*** Source records Section Begins ***

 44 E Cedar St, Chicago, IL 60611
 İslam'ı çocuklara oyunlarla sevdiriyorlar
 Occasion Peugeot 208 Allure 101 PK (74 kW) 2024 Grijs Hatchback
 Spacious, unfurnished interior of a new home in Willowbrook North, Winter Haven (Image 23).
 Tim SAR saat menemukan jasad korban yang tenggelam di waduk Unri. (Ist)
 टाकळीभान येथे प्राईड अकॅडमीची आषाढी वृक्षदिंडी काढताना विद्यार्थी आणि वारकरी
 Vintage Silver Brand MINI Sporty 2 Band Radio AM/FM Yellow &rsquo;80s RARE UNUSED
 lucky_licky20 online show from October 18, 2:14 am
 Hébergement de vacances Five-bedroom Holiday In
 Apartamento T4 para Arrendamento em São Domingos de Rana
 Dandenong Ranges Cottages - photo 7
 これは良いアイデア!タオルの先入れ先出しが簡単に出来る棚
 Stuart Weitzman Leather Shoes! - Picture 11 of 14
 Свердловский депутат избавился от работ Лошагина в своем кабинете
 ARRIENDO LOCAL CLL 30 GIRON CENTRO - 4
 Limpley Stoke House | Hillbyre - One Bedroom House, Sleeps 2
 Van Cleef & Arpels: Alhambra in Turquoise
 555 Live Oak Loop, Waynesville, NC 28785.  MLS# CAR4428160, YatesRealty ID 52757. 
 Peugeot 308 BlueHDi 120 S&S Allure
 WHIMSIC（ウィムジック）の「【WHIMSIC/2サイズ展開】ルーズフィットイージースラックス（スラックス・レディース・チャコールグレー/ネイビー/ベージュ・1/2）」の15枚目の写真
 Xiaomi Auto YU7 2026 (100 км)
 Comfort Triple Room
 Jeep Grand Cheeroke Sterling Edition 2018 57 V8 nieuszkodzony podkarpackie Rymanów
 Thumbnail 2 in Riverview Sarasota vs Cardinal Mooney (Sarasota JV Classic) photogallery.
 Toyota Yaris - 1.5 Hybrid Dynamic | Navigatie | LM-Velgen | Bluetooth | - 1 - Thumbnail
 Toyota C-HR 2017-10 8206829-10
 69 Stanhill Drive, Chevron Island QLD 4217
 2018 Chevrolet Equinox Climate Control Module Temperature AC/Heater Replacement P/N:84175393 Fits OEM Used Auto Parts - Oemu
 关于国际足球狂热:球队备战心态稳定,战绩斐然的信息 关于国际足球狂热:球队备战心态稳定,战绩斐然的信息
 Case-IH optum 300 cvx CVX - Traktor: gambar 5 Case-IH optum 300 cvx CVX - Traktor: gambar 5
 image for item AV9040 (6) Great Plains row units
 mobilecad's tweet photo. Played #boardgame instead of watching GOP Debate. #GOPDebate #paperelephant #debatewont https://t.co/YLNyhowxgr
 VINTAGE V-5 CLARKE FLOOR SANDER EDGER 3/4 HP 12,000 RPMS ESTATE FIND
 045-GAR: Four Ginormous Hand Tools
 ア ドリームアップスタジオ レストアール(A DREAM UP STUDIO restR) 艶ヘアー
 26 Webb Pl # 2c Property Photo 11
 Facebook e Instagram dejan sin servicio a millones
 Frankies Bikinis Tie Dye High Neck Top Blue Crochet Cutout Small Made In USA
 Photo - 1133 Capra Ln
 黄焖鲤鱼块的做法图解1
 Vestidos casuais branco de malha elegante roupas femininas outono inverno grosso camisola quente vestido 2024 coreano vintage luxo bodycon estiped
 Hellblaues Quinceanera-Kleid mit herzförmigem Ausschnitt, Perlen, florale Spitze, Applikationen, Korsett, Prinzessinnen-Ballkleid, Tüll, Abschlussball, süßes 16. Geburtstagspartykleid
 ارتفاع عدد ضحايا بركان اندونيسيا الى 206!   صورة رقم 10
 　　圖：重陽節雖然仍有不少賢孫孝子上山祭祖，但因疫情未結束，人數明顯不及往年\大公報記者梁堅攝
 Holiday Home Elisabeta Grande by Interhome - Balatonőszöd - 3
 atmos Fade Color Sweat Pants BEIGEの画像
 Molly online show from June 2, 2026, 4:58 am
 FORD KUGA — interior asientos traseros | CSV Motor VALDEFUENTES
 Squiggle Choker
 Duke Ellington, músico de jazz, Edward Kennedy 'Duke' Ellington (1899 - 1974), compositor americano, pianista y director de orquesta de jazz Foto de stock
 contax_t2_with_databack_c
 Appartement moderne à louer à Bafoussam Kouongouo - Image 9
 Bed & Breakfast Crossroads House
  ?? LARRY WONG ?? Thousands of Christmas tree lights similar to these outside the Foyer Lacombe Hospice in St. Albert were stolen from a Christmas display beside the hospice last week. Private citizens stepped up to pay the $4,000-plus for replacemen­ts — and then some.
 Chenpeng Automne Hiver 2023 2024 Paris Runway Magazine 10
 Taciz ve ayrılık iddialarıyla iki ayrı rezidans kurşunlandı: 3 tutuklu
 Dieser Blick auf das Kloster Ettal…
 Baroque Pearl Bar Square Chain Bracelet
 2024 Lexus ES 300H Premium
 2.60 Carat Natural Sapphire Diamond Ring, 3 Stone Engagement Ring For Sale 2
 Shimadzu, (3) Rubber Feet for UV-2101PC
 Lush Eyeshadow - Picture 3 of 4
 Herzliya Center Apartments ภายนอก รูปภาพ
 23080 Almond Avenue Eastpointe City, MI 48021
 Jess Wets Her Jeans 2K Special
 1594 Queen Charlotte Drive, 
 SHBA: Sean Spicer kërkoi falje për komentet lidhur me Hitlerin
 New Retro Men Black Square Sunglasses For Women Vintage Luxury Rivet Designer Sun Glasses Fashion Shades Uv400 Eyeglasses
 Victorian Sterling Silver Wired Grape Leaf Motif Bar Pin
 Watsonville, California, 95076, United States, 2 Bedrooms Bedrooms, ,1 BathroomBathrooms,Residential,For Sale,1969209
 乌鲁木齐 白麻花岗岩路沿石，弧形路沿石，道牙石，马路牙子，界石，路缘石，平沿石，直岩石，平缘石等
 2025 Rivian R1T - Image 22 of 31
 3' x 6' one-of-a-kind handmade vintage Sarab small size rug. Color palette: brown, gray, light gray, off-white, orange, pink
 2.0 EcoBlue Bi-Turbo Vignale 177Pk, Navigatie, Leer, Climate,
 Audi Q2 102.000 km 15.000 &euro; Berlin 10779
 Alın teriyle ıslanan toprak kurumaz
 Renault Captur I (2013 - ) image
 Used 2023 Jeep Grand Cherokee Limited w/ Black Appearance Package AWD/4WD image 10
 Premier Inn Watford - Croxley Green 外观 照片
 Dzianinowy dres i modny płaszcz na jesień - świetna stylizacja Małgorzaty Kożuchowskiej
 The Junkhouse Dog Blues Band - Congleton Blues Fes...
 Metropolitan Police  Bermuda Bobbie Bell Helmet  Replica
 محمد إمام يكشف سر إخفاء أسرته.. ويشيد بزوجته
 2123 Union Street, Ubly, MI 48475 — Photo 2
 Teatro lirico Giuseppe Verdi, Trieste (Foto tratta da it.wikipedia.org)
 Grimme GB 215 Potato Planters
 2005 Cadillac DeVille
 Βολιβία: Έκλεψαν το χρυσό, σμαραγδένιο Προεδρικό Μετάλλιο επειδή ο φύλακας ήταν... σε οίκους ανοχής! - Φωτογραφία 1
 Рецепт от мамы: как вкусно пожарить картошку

*** Source records Section Ends ***

◆ **Your goal**: Copy all lines of the records in which the string "Band" can be found.

◆ **Solution below**:
 Vintage Silver Brand MINI Sporty 2 Band Radio AM/FM Yellow &rsquo;80s RARE UNUSED
 The Junkhouse Dog Blues Band - Congleton Blues Fes...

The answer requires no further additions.